Когда я вошел в комнату, Башкин спал: под морфием, странным и страшным сном. Кто-то держал свечу, и желтый свет пятнами колебался на потолке и стенах со странным рисунком обоев. Почему так поражает иногда какая-нибудь мелочь? А я помню, что с жутким чувством посмотрел на эти обои; вокруг всей комнаты, в странных и грубых линиях шли какие-то гитары, и почему-то было неприятно и даже противно думать, что они никогда не играли… Свет ползал по стенам, безмолвно-розовым рядом вытягивали гитары свои тонкие
— Василий Васильевич, — позвал я.
И вдруг взгляд изменился. Как будто что-то ужасное и непонятное исчезло от звука моего голоса. Знакомое выражение ласки и привета появилось на полумертвом лице, и больной потянулся ко мне навстречу. Я нагнулся и поцеловал его.
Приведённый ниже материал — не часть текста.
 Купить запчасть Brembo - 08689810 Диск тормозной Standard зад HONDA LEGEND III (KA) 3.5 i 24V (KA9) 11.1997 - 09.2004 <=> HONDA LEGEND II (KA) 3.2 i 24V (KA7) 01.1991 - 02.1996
И вдруг Башкин обхватил мою голову, прижал к груди, в которой хрипело, клокотало и билось что-то, стал нежно-нежно, как мать ребенка, гладить меня по голове. Молча, как будто с великой любовью, и как будто с нежной жалостью, и будто прося меня защитить и спасти его.
И странно. Я, встретивший Башкина с самого первого его рассказа, всю жизнь помогавший ему, всегда бывший старшим его защитником и покровителем, в эту минуту, слыша, как что-то грозно хрипит и клокочет в его груди, а рука его слаба скользит по моим волосам, чувствовал себя маленьким, ничтожным и слабым.
Не от рождения, а от близости смерти надо считать года человеку. Что знал Башкин, что он пережил, я узнаю еще не скоро. И мой хваленый талант, мое имя, Боже мой, как они были ничтожны перед той последней мудростью великой любви и жалости, которую дала Башкину смерть, стоявшая тут же, рядом с нами.
Когда-то мы много спорили с Башкиным. Мои взгляды известны. Много времени мы прожили вместе, и я, как более сильный, давил его своим авторитетом. Теперь настало время подвести итоги. Один из нас кончал последнюю страницу своей жизни. И я спросил его с жутким любопытством:
— Ну что ж, Василий Васильевич, сошлись или разошлись еще больше мы с вами теперь?
Башкин, не улыбаясь, прямо, светлыми и добрыми глазами посмотрел мне в лицо.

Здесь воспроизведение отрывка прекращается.